One of the more surprising revelations as a new family law practitioner was how little sex couples were having in their marriage. Sure I had heard all the jokes about marriage (and kids)being the death knell of sex and so I was certainly prepared for couples contemplating divorce to speak wistfully of the passionate sex lives that marked their early years with their partner. I assumed, naively, that a loss of romance and passion among couples in a marriage resulted in a zero sum loss in the amount of sex occurring between the parties. WRONG!! What was surprising to learn is how frequently married people were getting their sexual needs met outside their marriage without their spouse’s knowledge or consent.

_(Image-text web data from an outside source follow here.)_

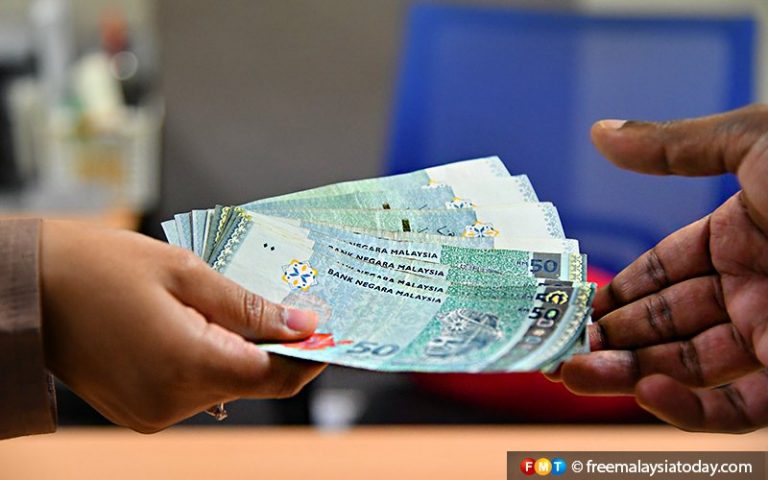 5 immigration officers from JB admit taking bribes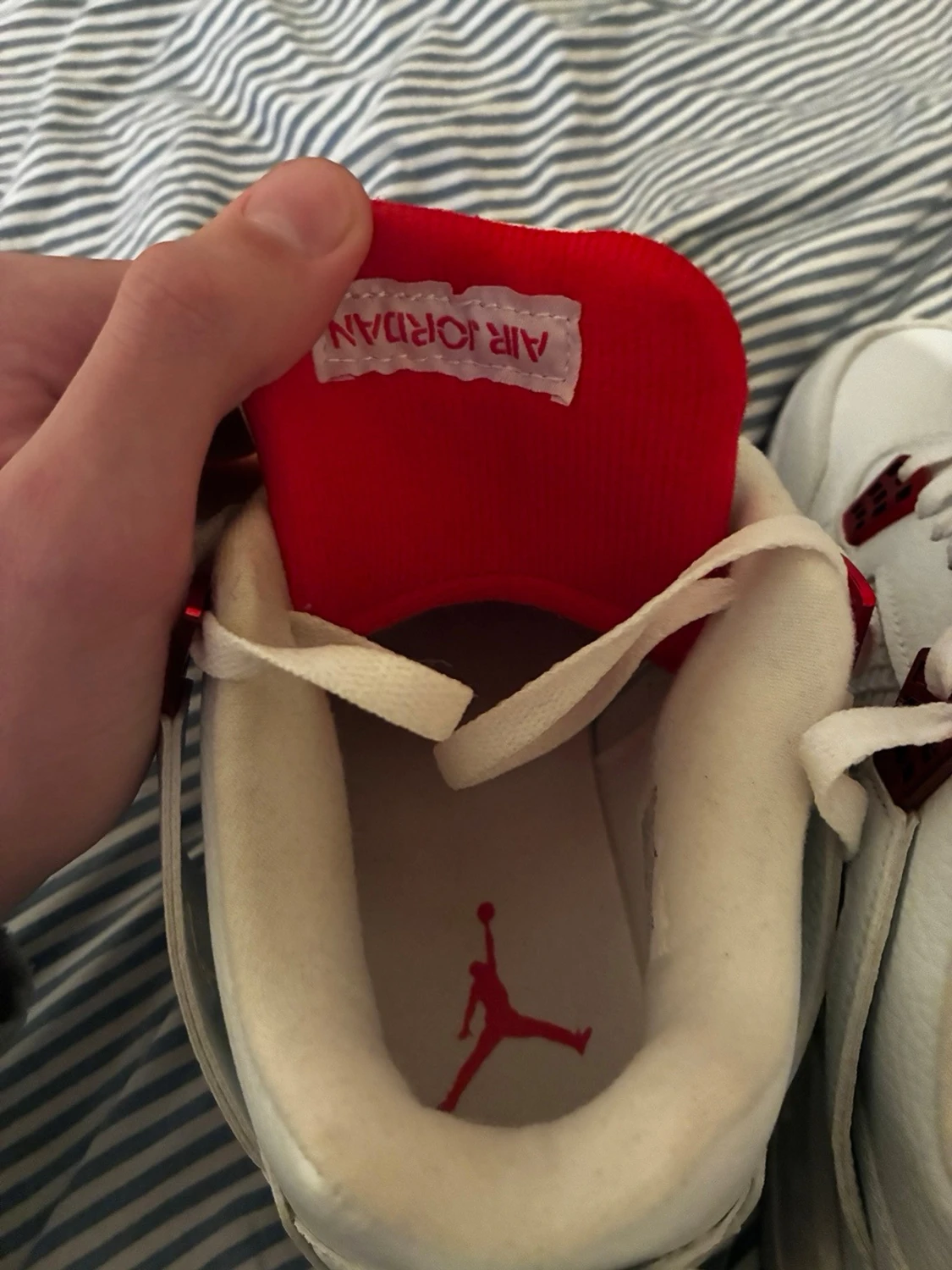 Vita Air Jordan 4 med röda detaljer - 3
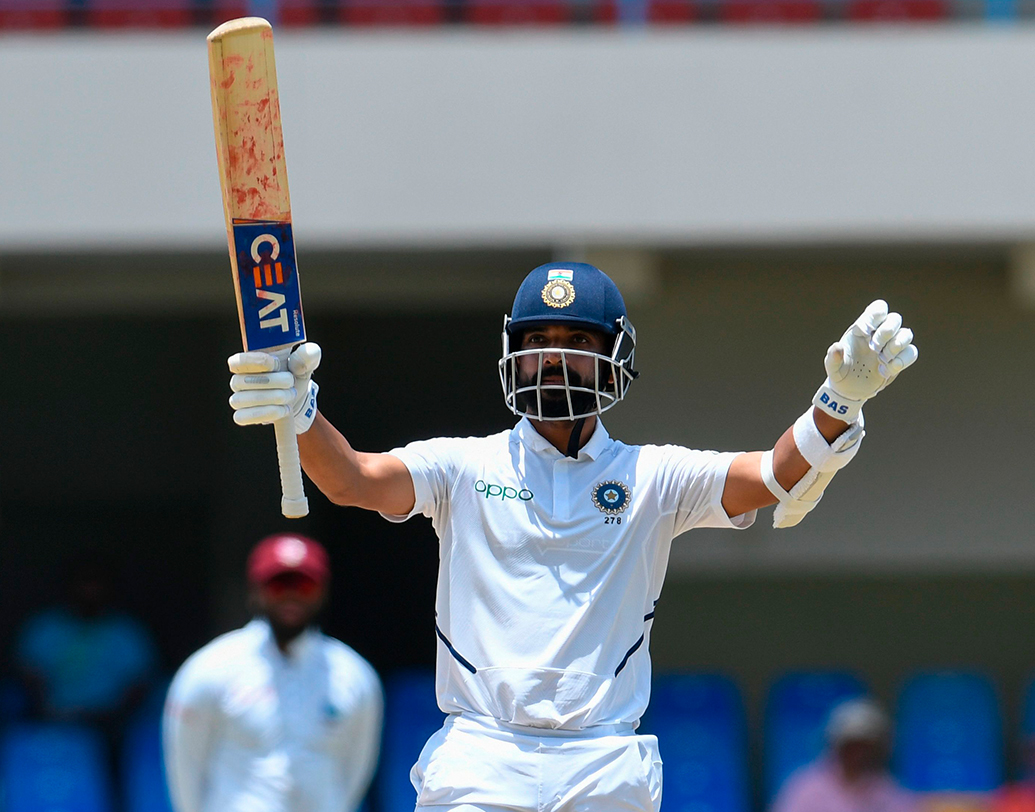 প্রথম ইনিংসে রাহানে যেখানে থেমে গিয়েছিলেন, সেখান থেকেই যেন শুরু করলেন দ্বিতীয় ইনিংসে। প্রথম ইনিংসে অল্পের জন্য শতরান হাত ছাড়া হলেও দ্বিতীয় ইনিংসে সেই ভুল হয়নি। যদিও এবার নার্ভাস নাইন্টির শিকার হন হনুমা বিহারী। পন্থ আউট হয়ে ফিরলে তাঁর শতরানের জন্য খেলা চালিয়ে যাচ্ছিলেন বিরাট। কিন্তু তিনি পারলেন না। যদিও ততক্ষণে ক্যারিবিয়ানদের সামনে ৪১৯ রানের বিশাল টার্গেট।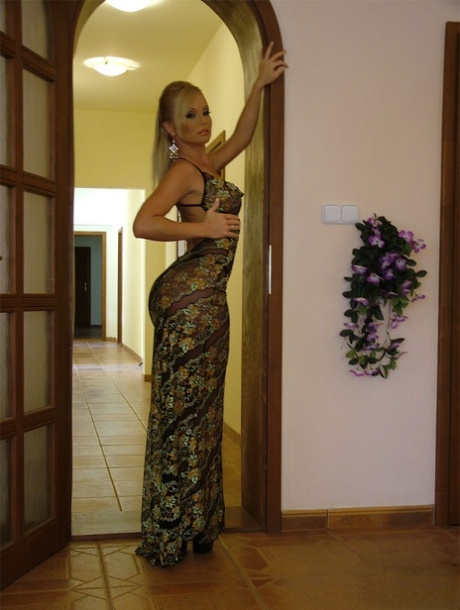 Восхитительная белокурая старлетка Сильвия чувственно позирует в сексуальном платье 9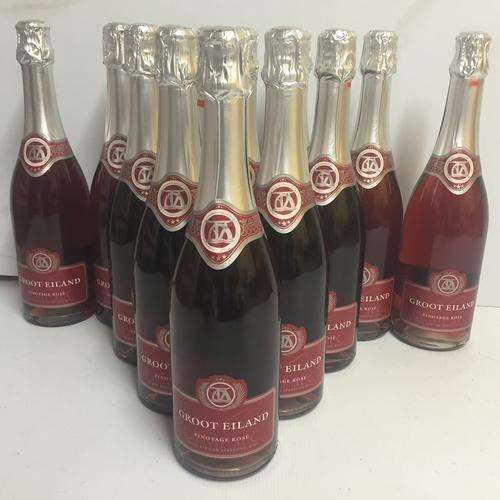 Premium Collection of high Quality Sparkling Pinotage Rose"Party Champers"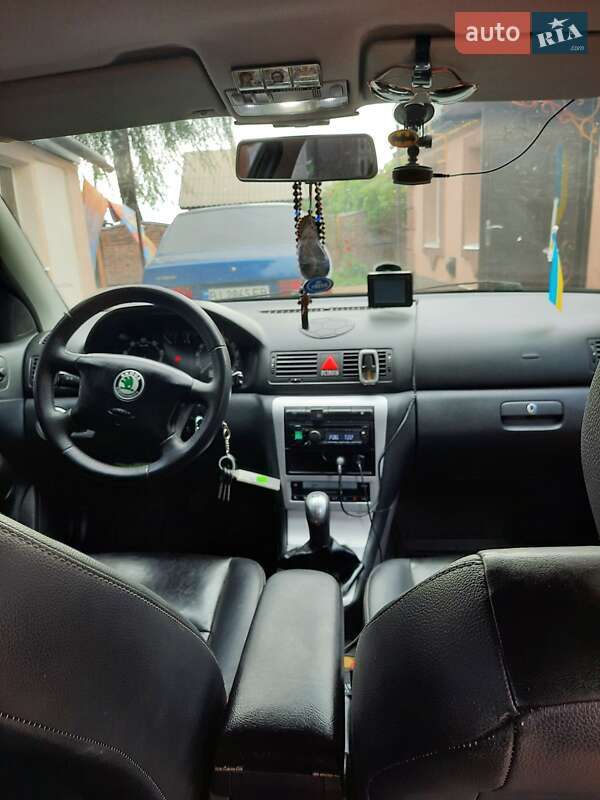 Ліфтбек Skoda Octavia 2003 в Кременчуці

Infidelity is as old as the ages. Nevertheless, when infidelity comes to your door it can feel like a betrayal the likes of which have never been seen or experienced. One of the more immediate reactions to learning that a partner has shared intimacies with someone outside the relationship is hurt, quickly followed by anger. When the marriage has produced children, thoughts quickly turn to what impact a spouse’s infidelity will have on the children — which brings me to this week’s question.

Question: Does adultery affect who gets custody of the children?

Answer: No. It comes as a big surprise to many clients that a spouse’s infidelity has no bearing on a court’s custody determination. While it can be easily argued that an unfaithful spouse has failed in many respects to be a worthy life partner, one cannot extend such logic to the spouse’s worthiness as a parent. Just because a spouse has had an extramarital affair does not mean that such spouse is a poor parent per se in the same way that a good parent is not necessarily a faithful and trustworthy spouse. This is not to say that a spouse’s infidelity may not be evidence of some graver issues that may have implications for the spouse’s caretaking. For example, if there are substance abuse or mental health problems that are underlying the adulterous conduct, that is certainly an issue to be examined to the extent that these problems pose a risk to the parties’ children. However, infidelity alone will not tilt the balance in favor of one party and against another when it comes to deciding custody.

The fact that Maryland family law courts will not consider a parent’s adultery in determining custody does not diminish its impact on a marriage and the children. Spouses who have been devastated by infidelity should seek the advice of a counselor to process the range of emotions that attend such a betrayal. The importance of doing so cannot be overstated. Failure to make peace with the infidelity and move beyond the pain can make the sting of adultery last so much longer and be felt by more than just the adults but the children too.